→ **The task**: Keeping every character in place, output all the data.

→ **Input data**:

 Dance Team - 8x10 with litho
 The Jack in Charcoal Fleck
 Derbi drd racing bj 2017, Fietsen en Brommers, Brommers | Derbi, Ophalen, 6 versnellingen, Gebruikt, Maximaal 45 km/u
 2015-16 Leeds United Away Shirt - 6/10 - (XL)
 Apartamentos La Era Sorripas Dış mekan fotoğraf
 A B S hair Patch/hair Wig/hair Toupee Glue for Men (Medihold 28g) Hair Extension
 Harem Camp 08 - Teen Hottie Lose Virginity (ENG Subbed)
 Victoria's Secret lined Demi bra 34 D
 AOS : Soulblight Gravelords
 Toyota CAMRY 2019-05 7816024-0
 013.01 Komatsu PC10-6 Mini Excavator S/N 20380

→ **Finished exercise**:
 Dance Team - 8x10 with litho
 The Jack in Charcoal Fleck
 Derbi drd racing bj 2017, Fietsen en Brommers, Brommers | Derbi, Ophalen, 6 versnellingen, Gebruikt, Maximaal 45 km/u
 2015-16 Leeds United Away Shirt - 6/10 - (XL)
 Apartamentos La Era Sorripas Dış mekan fotoğraf
 A B S hair Patch/hair Wig/hair Toupee Glue for Men (Medihold 28g) Hair Extension
 Harem Camp 08 - Teen Hottie Lose Virginity (ENG Subbed)
 Victoria's Secret lined Demi bra 34 D
 AOS : Soulblight Gravelords
 Toyota CAMRY 2019-05 7816024-0
 013.01 Komatsu PC10-6 Mini Excavator S/N 20380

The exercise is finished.